The task -> Look below for the line that contains "6 Photograph of" and the line that contains "Luxury 3 Bedroom", then restate both of them and every line in between, exactly. No picture goes in the copy.

Working data below:

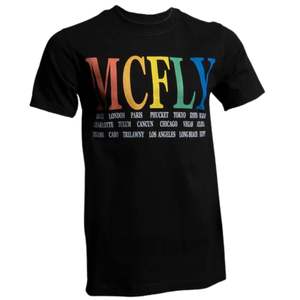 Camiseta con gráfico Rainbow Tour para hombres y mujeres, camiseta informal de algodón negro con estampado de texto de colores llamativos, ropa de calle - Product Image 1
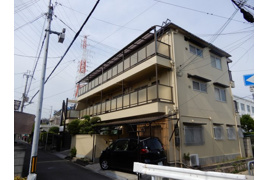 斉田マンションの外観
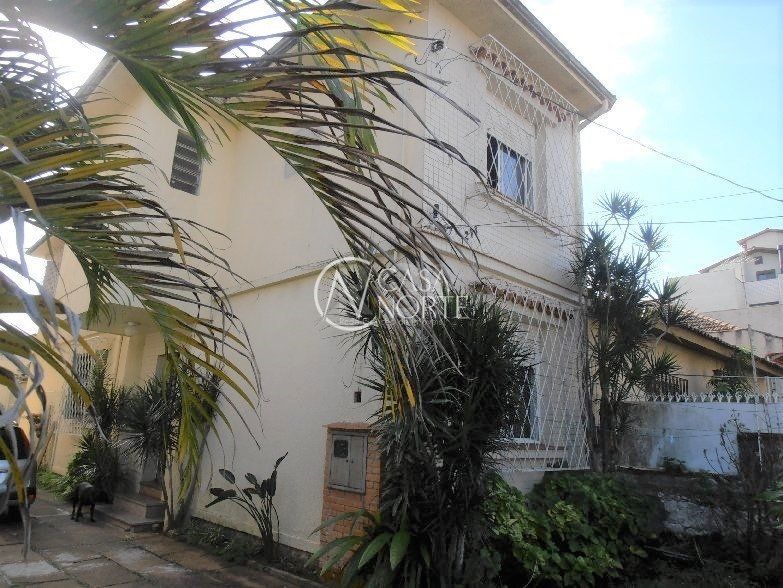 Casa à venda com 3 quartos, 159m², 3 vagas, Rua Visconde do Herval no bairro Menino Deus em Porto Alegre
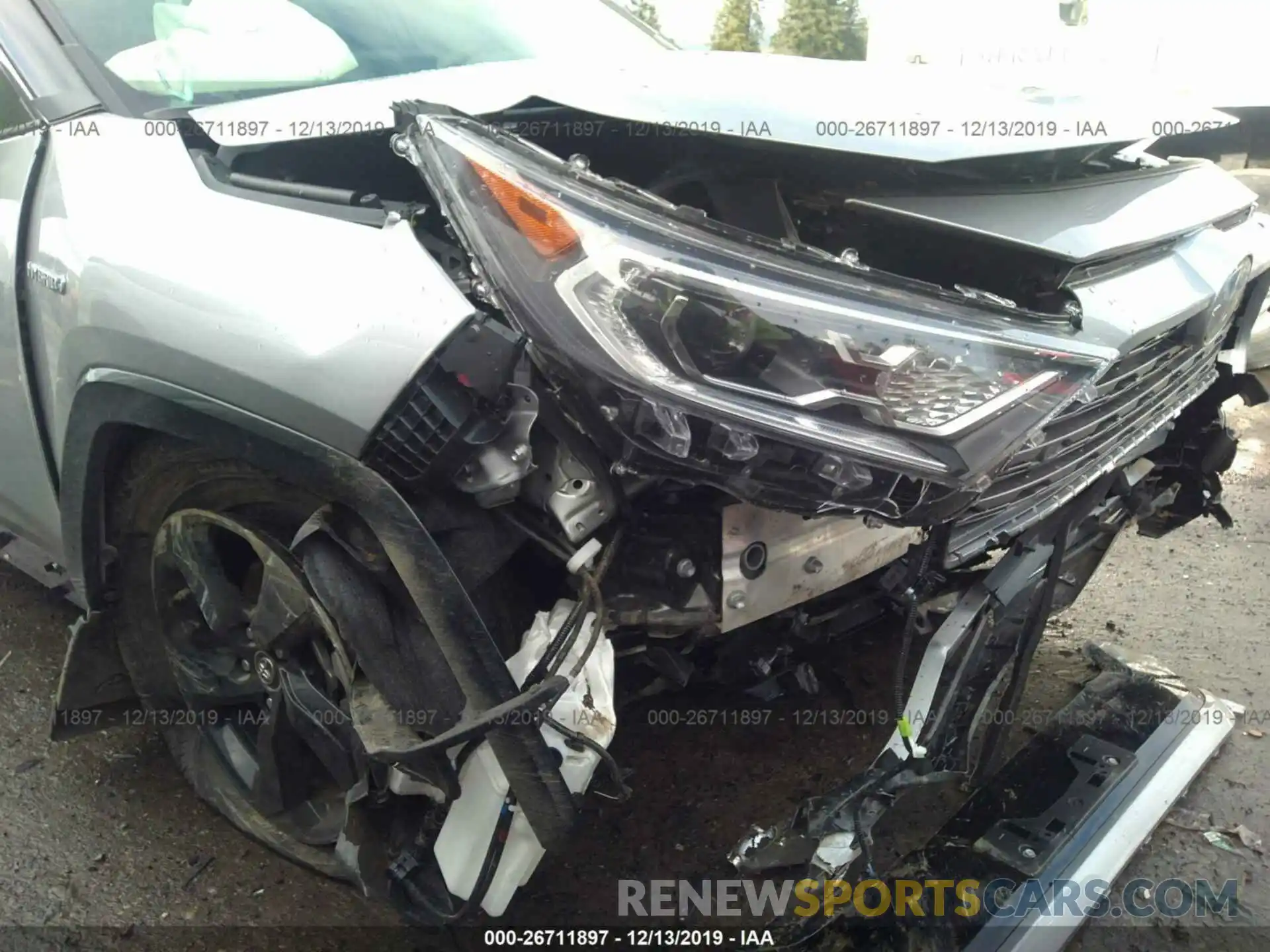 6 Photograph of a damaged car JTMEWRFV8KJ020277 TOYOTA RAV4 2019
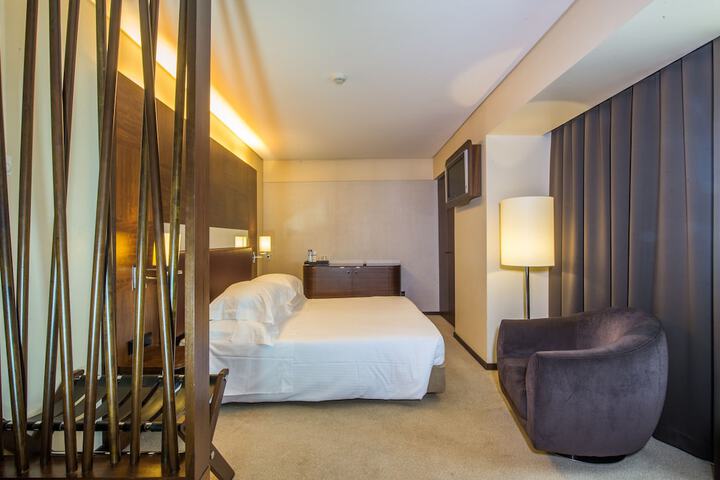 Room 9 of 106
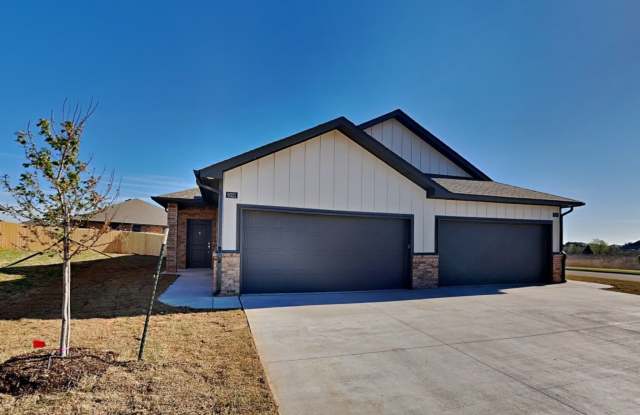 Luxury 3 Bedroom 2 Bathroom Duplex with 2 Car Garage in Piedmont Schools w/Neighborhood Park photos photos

End of Working data.
Working data below:

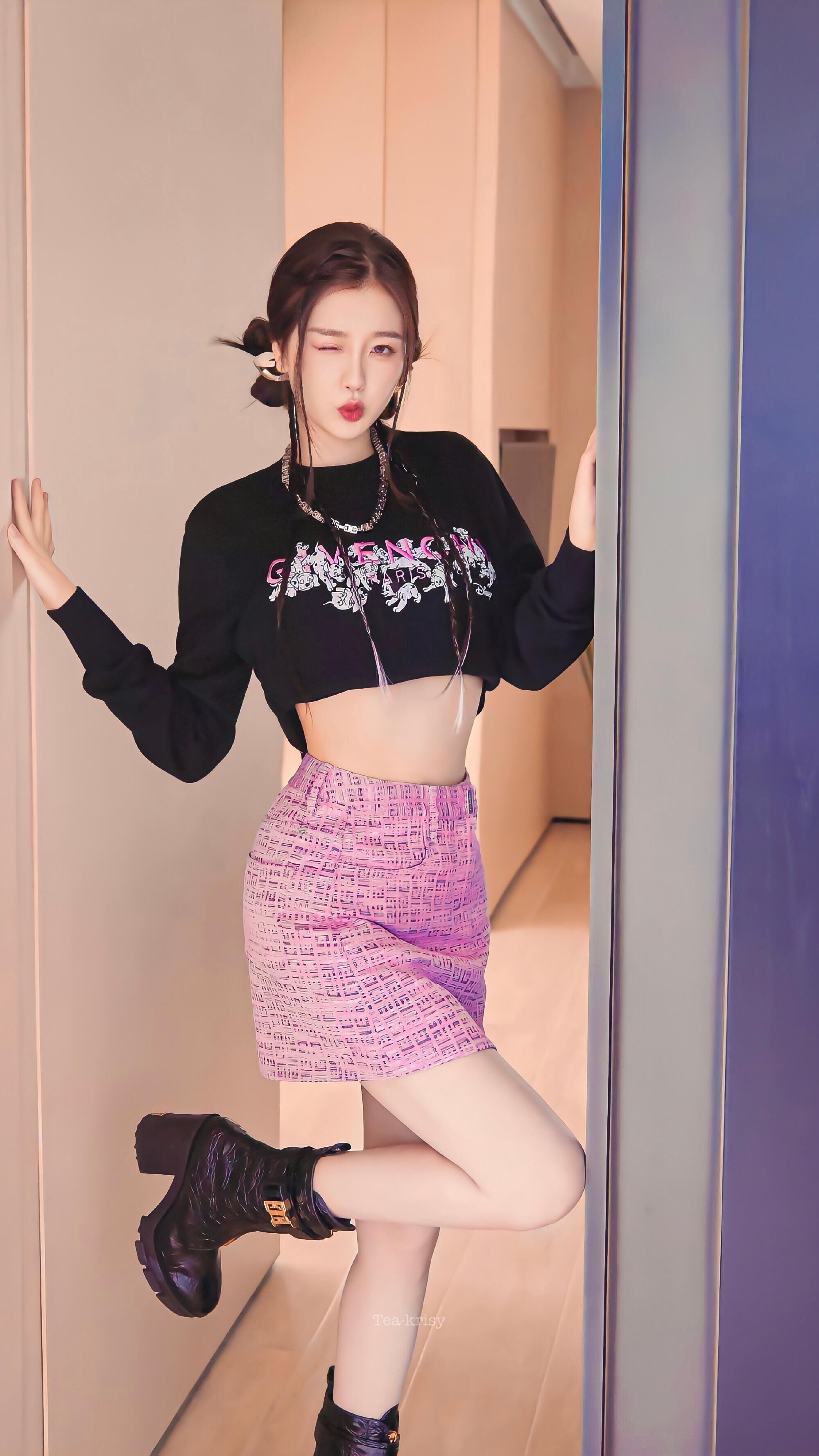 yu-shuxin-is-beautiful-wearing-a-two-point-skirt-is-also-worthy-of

End of Working data.
Working data below:

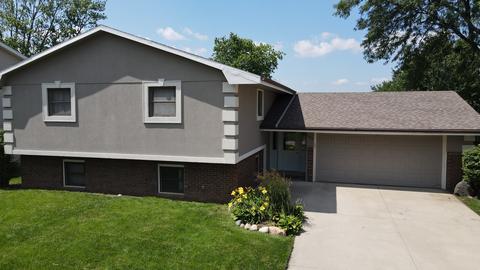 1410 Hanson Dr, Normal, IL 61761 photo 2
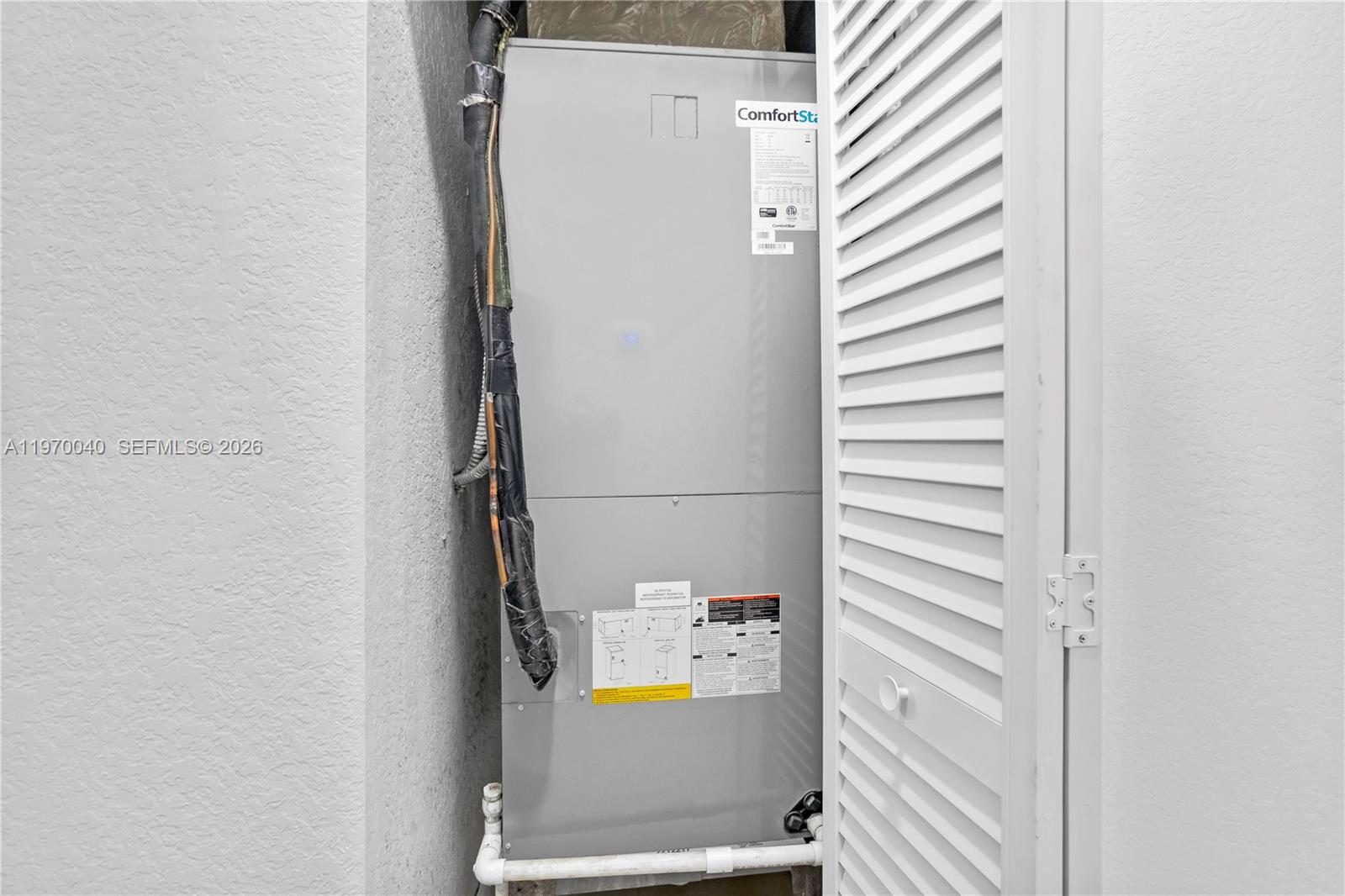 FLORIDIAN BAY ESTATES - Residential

End of Working data.

Solution for this problem ->
 6 Photograph of a damaged car JTMEWRFV8KJ020277 TOYOTA RAV4 2019
 Room 9 of 106
 Luxury 3 Bedroom 2 Bathroom Duplex with 2 Car Garage in Piedmont Schools w/Neighborhood Park photos photos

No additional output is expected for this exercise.